→ **Dataset excerpts**
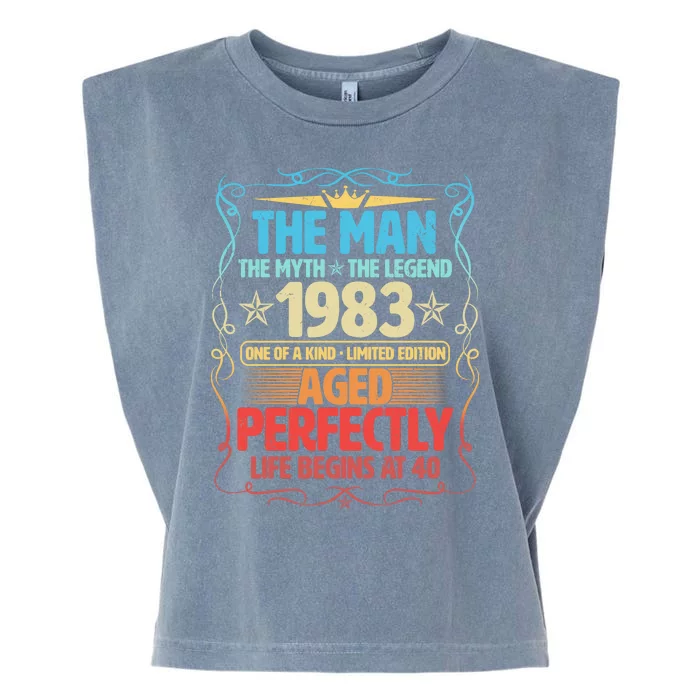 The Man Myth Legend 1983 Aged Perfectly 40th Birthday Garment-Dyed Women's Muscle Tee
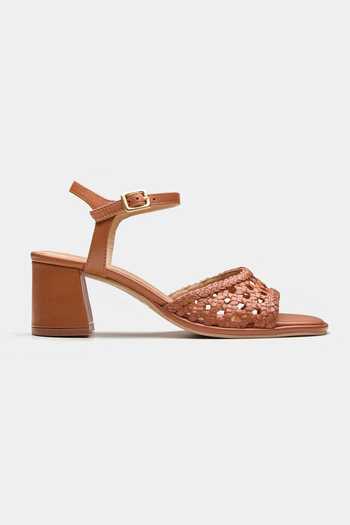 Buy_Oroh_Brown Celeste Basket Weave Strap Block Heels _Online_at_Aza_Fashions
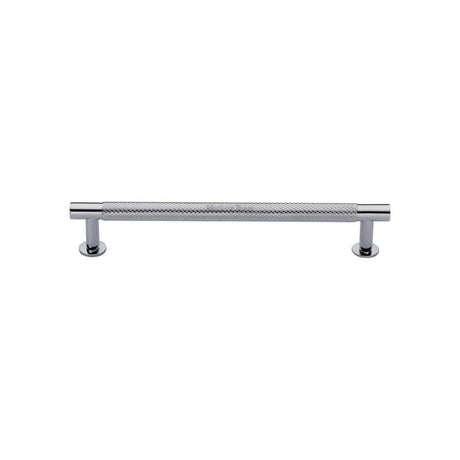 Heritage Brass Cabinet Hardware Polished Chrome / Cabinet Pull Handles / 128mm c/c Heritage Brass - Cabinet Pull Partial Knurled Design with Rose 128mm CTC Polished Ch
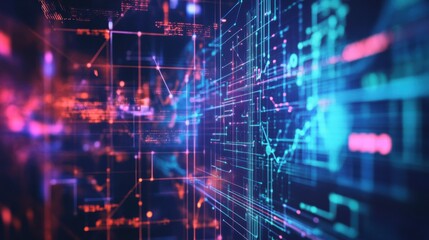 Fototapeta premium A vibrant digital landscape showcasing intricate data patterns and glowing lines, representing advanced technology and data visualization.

...

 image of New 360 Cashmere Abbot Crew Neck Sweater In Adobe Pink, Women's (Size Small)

...

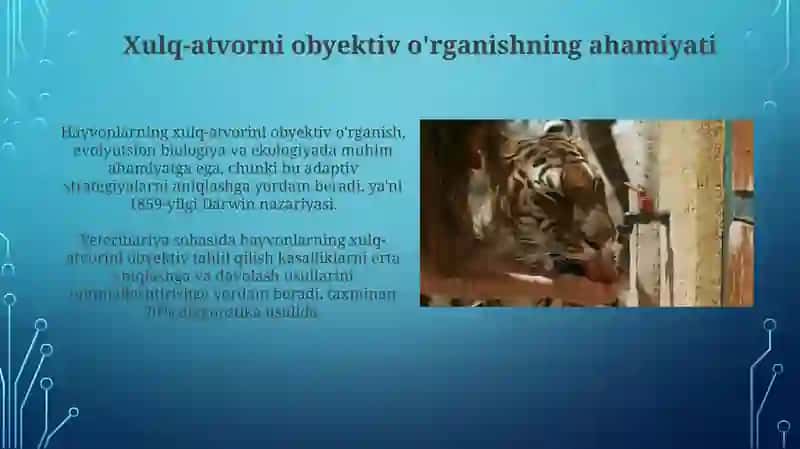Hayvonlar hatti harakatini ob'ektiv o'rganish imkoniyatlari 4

→ **Task prompt**
Text only, no pictures: please print exactly the lines above from the line with "Buy_Oroh_Brown Celeste Basket" up to and including the line with "Fototapeta premium A", and nothing else.

→ **Result of the task**
 Buy_Oroh_Brown Celeste Basket Weave Strap Block Heels _Online_at_Aza_Fashions
 Heritage Brass Cabinet Hardware Polished Chrome / Cabinet Pull Handles / 128mm c/c Heritage Brass - Cabinet Pull Partial Knurled Design with Rose 128mm CTC Polished Ch
 Fototapeta premium A vibrant digital landscape showcasing intricate data patterns and glowing lines, representing advanced technology and data visualization.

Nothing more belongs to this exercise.